Welcome to the Fall 2017 YA Scavenger Hunt!
There are 7 puzzle contests going on simultaneously, and you can enter one or all. This hunt is open internationally!
The contest is live on Tuesday, Oct 3rd at 12 pm Pacific Time. To be eligible for the grand prize, you must submit the completed entry form by October 8th, at 12 pm Pacific Time. Read the exclusive content offered by all the contestants, add up the clues, and enter for our grand prize: one lucky winner will receive one book from each author on my team! I am part of the BLUE TEAM.
SCAVENGER HUNT GUEST
I am excited to host award-winning author PATTY BLOUNT for this YA Scavenger Hunt!

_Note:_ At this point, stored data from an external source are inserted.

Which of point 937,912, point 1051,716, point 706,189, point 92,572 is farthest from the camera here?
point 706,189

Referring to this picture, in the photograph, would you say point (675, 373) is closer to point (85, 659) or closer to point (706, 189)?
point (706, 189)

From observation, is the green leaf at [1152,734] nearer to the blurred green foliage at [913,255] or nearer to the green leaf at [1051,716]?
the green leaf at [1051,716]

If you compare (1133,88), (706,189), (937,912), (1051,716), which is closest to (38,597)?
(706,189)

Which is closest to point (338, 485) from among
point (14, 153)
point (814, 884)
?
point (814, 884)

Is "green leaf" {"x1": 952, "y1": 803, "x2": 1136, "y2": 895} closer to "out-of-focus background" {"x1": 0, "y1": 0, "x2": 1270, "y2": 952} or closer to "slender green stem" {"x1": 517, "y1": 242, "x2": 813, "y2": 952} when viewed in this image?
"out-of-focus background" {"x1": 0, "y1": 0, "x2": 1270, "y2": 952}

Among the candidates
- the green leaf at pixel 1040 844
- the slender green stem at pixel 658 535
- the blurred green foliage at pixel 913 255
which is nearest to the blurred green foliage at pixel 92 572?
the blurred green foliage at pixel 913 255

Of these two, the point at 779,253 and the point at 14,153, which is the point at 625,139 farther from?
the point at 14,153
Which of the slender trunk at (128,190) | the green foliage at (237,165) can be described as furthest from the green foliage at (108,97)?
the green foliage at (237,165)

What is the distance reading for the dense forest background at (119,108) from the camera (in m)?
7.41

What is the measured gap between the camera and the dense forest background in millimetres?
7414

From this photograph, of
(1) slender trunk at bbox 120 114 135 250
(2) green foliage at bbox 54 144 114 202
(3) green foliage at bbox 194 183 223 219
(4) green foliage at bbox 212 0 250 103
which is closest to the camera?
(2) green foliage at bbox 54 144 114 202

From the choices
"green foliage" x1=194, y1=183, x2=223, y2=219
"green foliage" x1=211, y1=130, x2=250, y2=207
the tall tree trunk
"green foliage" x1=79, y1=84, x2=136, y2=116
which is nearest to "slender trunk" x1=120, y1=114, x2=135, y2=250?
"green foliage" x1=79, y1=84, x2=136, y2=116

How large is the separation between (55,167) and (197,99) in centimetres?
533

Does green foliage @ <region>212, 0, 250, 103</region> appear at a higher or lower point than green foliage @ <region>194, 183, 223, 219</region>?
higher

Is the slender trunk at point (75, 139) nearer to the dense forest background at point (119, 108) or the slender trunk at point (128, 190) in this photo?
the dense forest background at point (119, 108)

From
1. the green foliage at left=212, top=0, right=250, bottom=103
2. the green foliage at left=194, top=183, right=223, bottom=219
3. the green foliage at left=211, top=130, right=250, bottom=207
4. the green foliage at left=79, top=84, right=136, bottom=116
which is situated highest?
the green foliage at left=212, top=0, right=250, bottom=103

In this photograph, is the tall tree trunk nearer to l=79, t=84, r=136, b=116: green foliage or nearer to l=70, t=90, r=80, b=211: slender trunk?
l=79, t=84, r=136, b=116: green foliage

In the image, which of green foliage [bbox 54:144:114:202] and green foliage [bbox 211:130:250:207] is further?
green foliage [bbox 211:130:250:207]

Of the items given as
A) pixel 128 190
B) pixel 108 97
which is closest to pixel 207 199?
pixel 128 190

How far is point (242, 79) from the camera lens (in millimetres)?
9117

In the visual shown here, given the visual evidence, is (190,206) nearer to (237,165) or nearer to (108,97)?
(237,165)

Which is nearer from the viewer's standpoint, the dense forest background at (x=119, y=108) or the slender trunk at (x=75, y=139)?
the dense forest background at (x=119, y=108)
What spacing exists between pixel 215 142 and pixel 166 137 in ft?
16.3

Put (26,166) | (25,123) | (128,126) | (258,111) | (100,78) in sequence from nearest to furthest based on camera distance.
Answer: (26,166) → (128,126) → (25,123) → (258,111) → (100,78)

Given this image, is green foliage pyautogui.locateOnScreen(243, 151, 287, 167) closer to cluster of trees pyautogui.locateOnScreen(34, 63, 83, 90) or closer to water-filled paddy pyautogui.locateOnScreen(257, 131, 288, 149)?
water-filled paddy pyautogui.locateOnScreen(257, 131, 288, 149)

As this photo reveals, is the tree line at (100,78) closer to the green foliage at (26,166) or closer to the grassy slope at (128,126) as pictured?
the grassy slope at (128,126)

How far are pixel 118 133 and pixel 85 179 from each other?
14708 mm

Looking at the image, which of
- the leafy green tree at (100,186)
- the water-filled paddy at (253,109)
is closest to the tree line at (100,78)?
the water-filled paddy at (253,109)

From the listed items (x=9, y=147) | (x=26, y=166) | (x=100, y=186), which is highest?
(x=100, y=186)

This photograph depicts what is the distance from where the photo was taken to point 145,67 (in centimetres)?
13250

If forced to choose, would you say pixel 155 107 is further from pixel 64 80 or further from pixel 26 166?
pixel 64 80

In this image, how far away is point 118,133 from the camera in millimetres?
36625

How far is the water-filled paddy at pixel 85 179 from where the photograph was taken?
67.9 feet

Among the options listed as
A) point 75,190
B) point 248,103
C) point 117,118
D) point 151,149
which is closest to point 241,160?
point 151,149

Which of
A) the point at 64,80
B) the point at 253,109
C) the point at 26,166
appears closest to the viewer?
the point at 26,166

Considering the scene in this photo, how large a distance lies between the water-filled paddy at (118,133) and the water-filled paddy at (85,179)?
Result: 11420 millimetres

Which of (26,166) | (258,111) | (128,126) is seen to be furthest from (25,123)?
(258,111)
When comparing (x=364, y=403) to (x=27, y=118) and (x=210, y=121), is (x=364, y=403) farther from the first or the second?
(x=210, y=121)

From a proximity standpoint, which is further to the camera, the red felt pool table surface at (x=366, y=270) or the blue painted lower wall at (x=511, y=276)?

Patty writes smart and strong characters who are willing to fight for what’s right, and she supports women’s rights by giving a voice to characters facing realistic situations like rape (SOME BOYS, 2014), bullying (SEND, 2012), and grief (NOTHING LEFT TO BURN, 2015).
Her most recent novel is THE WAY IT HURTS (2017):
Music is Elijah’s life. His band plays loud and hard, and he’ll do anything to get them a big break. He needs that success to help take care of his sister, who has special needs. So he’d rather be practicing when his friends drag him to a musical in the next town…until the lead starts to sing.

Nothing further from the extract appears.